No module named 'selenium.settings'
landowark opened this issue · comments
I have been trying to get started with the tutorial at https://www.geeksforgeeks.org/scraping-javascript-enabled-websites-using-scrapy-selenium/, and as far as I can tell I've followed the examples correctly, but when I run scrapy crawl integratedspider
I get the following error:
Traceback (most recent call last):
File "/opt/anaconda/envs/scrapy_selenium/bin/scrapy", line 8, in
sys.exit(execute())
File "/opt/anaconda/envs/scrapy_selenium/lib/python3.7/site-packages/scrapy/cmdline.py", line 114, in execute
settings = get_project_settings()
File "/opt/anaconda/envs/scrapy_selenium/lib/python3.7/site-packages/scrapy/utils/project.py", line 69, in get_project_settings
settings.setmodule(settings_module_path, priority='project')
File "/opt/anaconda/envs/scrapy_selenium/lib/python3.7/site-packages/scrapy/settings/init.py", line 287, in setmodule
module = import_module(module)
File "/opt/anaconda/lib/python3.7/importlib/init.py", line 127, in import_module
return _bootstrap._gcd_import(name[level:], package, level)

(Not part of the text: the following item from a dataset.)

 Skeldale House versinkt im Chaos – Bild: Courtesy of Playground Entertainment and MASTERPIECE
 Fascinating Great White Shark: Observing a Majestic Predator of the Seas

File "", line 1006, in _gcd_import
File "", line 983, in _find_and_load
File "", line 965, in _find_and_load_unlocked
ModuleNotFoundError: No module named 'selenium.settings'
added to bottom of settings.py
from shutil import which
SELENIUM_DRIVER_NAME = 'chrome'
SELENIUM_DRIVER_EXECUTABLE_PATH = which('chromedriver')

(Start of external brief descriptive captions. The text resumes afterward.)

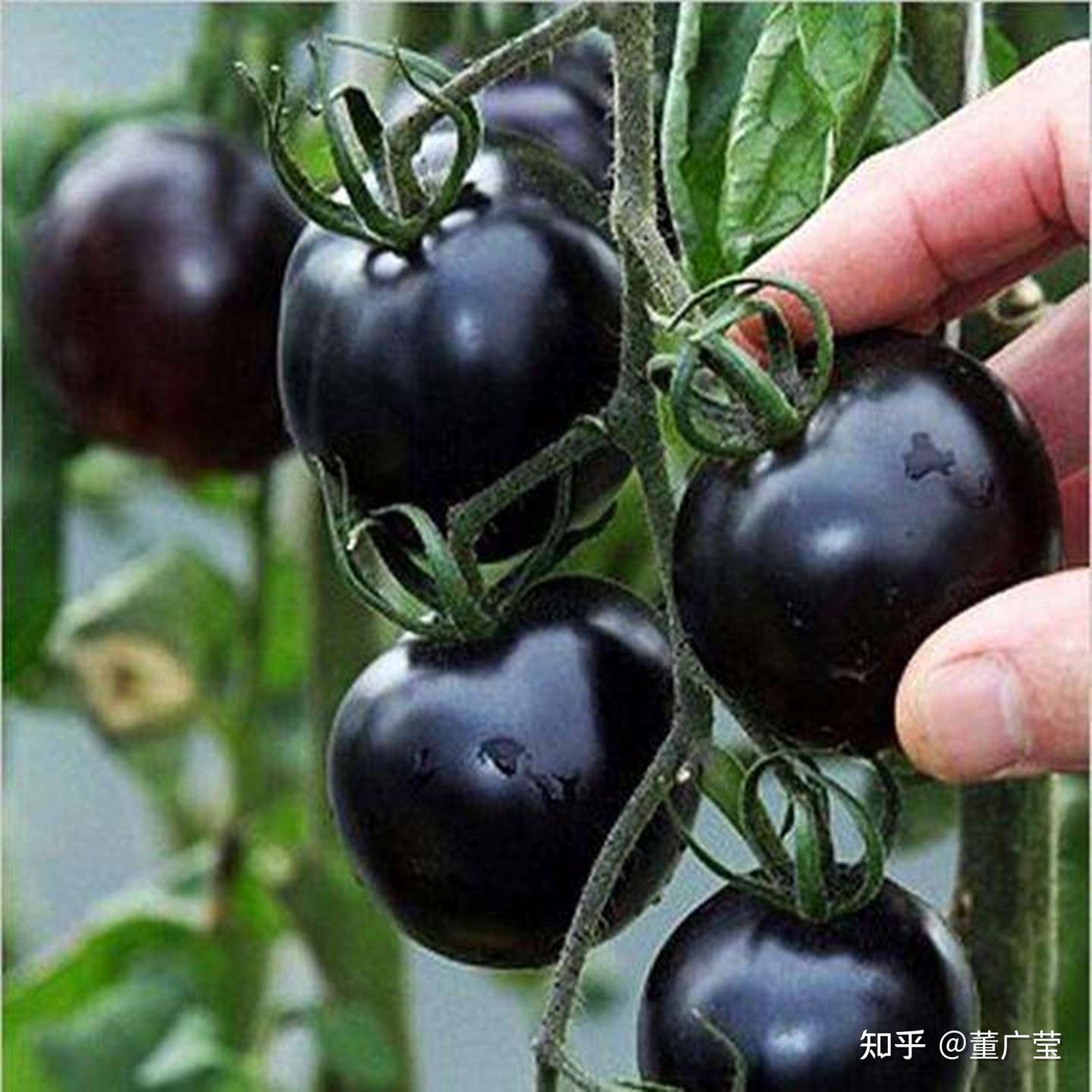还不知道这35种紫色蔬菜你太亏了 富含花青素 营养又美味 赶紧选几种趁着过年大显身手吧 过个健康年 知乎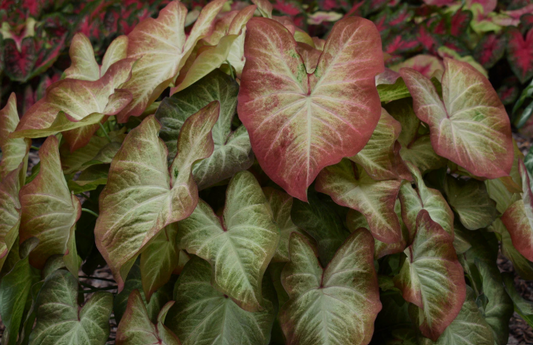 Caladium Creme Brulee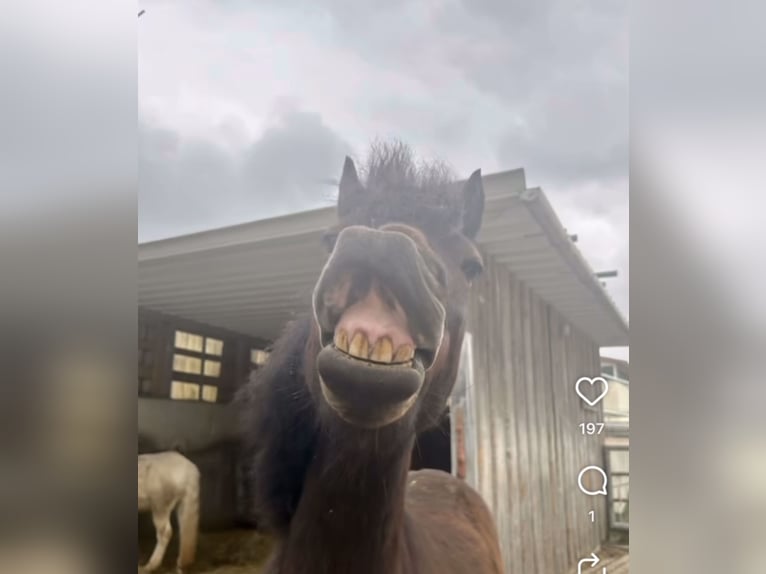 Dartmoor Gelding 5 years 12,2 hh Bay-Dark in Aurach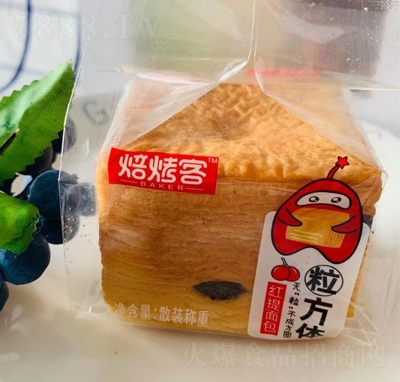 �����������w�t�����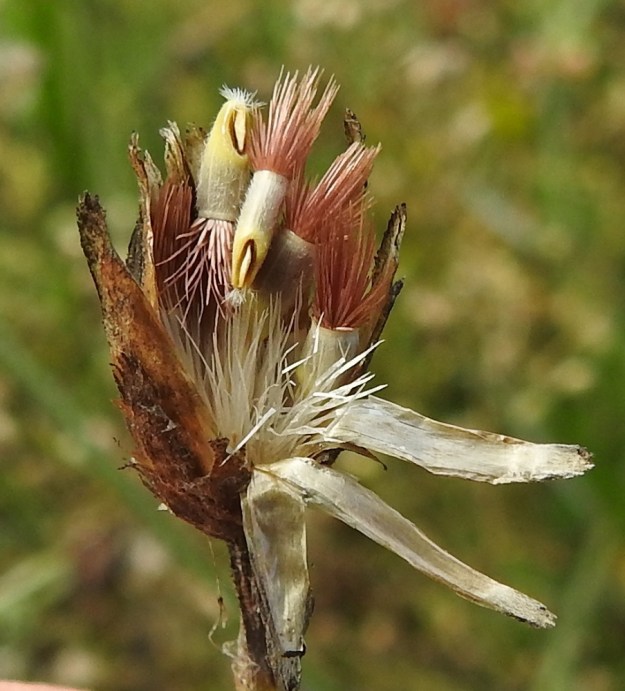 Centaurea cyanus - ruiskaunokin pohjuspähkylä on pitkulainen, hienokarvainen ja kellanvalkoinen. Se on kypsänä tavallisesti noin 3,5-4 mm pitkä ja noin 1,5 mm leveä. Sen kärjessä on ruskeahko, sukasista muodostunut ja noin 3-4 mm pitkä pappus eli kehräkukan verhiön muutunnainen. Kuvassa mykerön tyvellä näkyvät myös valkoiset, sukasiksi jakautuneet tukisuomut. EH, Hämeenlinna, Tiirinkoski, laajan peltoaukean laita, Hämeen Härkätien ja Haantien kulmauksessa olevan pellon reuna tienvarressa, 31.8.2022. Copyright Hannu Kämäräinen.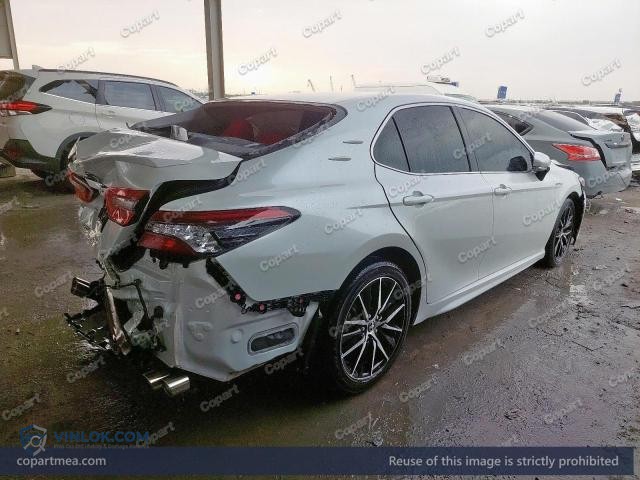Auction photo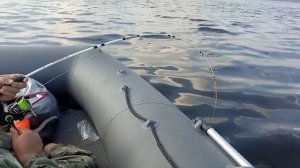 Рыбалка на Горьковском водохранилище сом 14 кг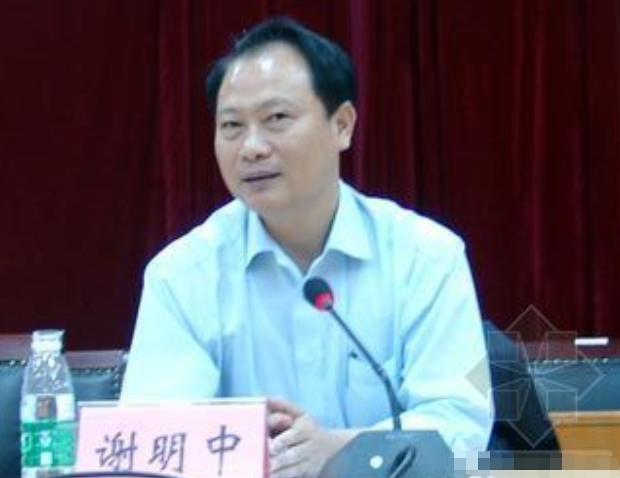 2007年海南贪官谢明中案:安排女老师当公务员,受贿千万被判死缓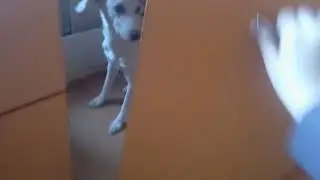 Как закрыть кору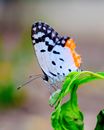 White and Black Butterfly on Green Leaf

SELENIUM_DRIVER_ARGUMENTS = ['--headless']
DOWNLOADER_MIDDLEWARES = {
'scrapy_selenium.SeleniumMiddleware': 800
integratedspider.py
import scrapy
from scrapy_selenium import SeleniumRequest
class IntegratedspiderSpider(scrapy.Spider):
name = 'integratedspider'
def start_requests(self):
yield SeleniumRequest(
url="https://practice.geeksforgeeks.org/courses/online",
wait_time=3,
screenshot=True,
callback=self.parse,
dont_filter=True
)
def parse(self, response):
# courses make list of all items that came in this xpath
# this xpath is of cards containing courses details
courses = response.xpath('//*[@id ="active-courses-content"]/div/div/div')

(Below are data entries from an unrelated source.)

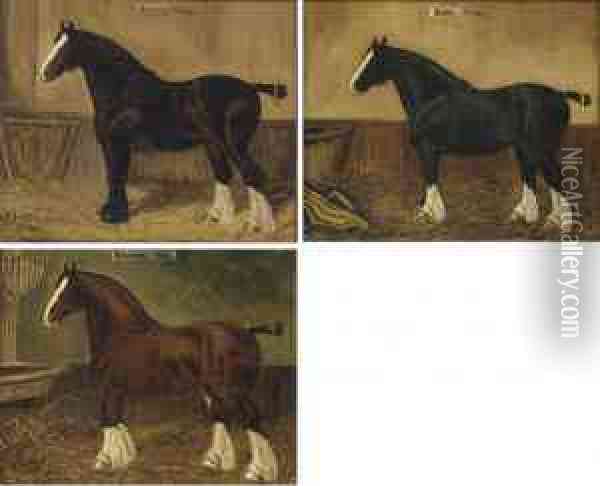 Beauty, A Shire Horse Oil Painting - Herbert Jones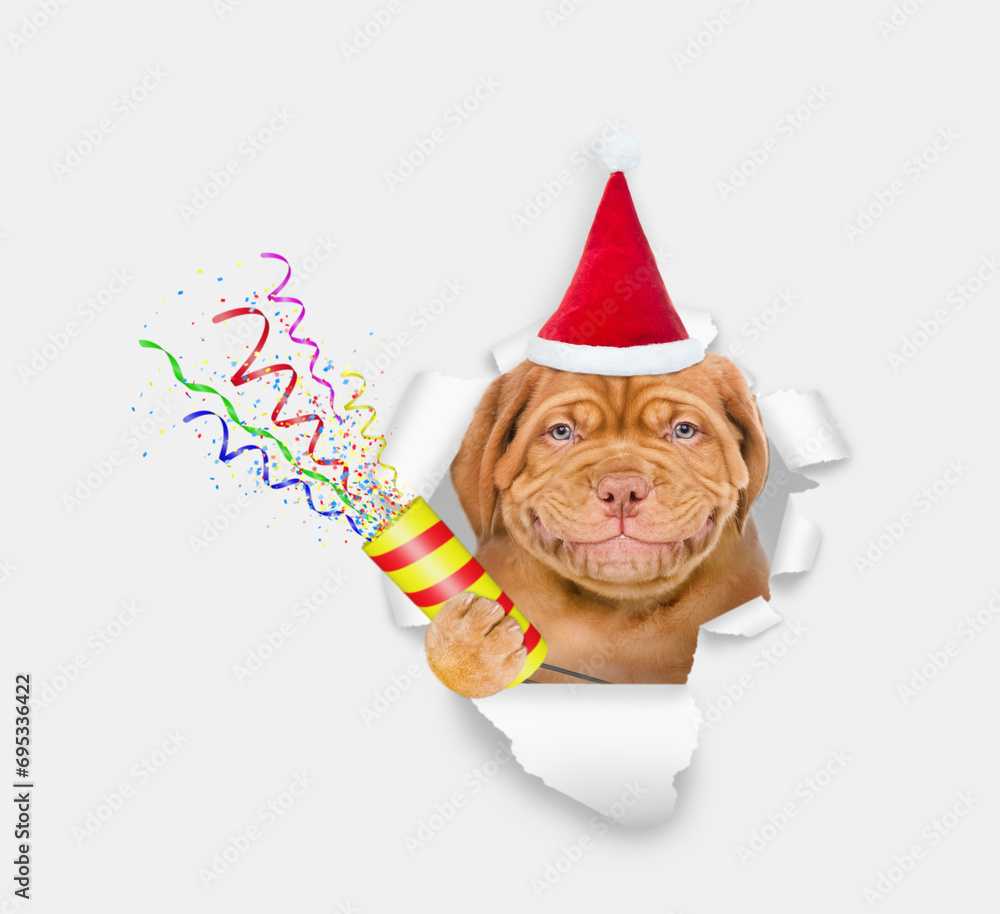 Poster funny mastiff puppy wearing santa hat looks through the hole in white paper and holds exploding fire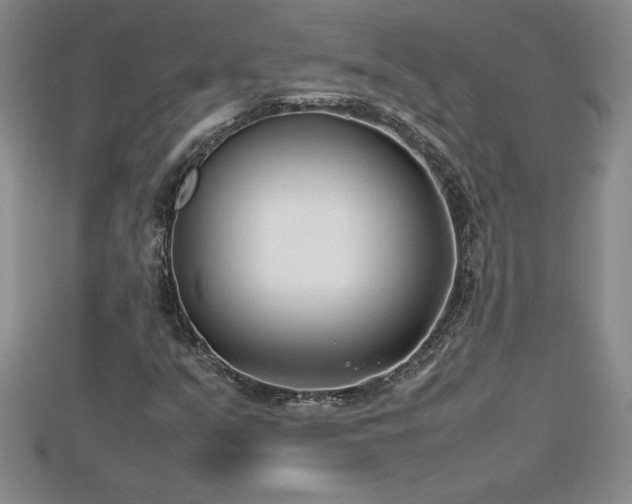 X0000112791351200908281457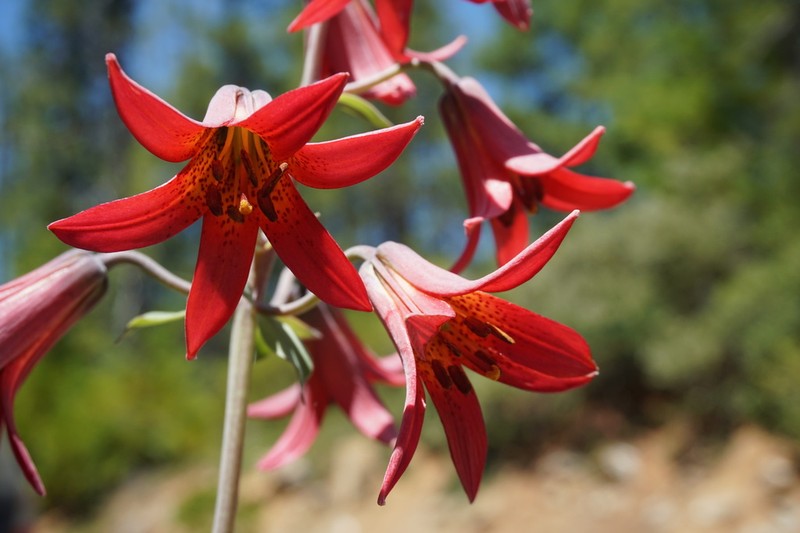 Bolander's Lily photo 7
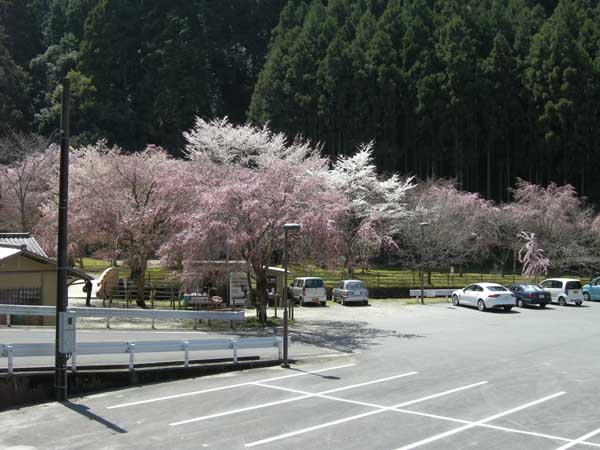 1258 あきつの小野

# course is each course in the courses list
for course in courses:
# xpath of course name is added in the course path
# text() will scrape text from h4 tag that contains course name
course_name = course.xpath('.//a/div[2]/div/div[2]/h4/text()').get()
# course_name is a string containing \n and extra spaces
# these \n and extra spaces are removed
course_name = course_name.split('\n')[1]
course_name = course_name.strip()
yield {
'course Name': course_name
}
Any help would be appreciated. Thanks
It looks like scrapy cannot load the settings module because it can't find it.
How did you named your module ?
You should not name it selenium
as it's a module name that already exists.
Is the settings.py
file there ?
In the exemple GeeksforGeeks exemple, their module name is scrapyselenium
so the settings module is scrapyselenium.settings
. The settings module is mandatory for scrapy projects.
Okay. I created a new project and renamed everything and it works. Total noob mistake on my part. Sorry. Thanks for your help.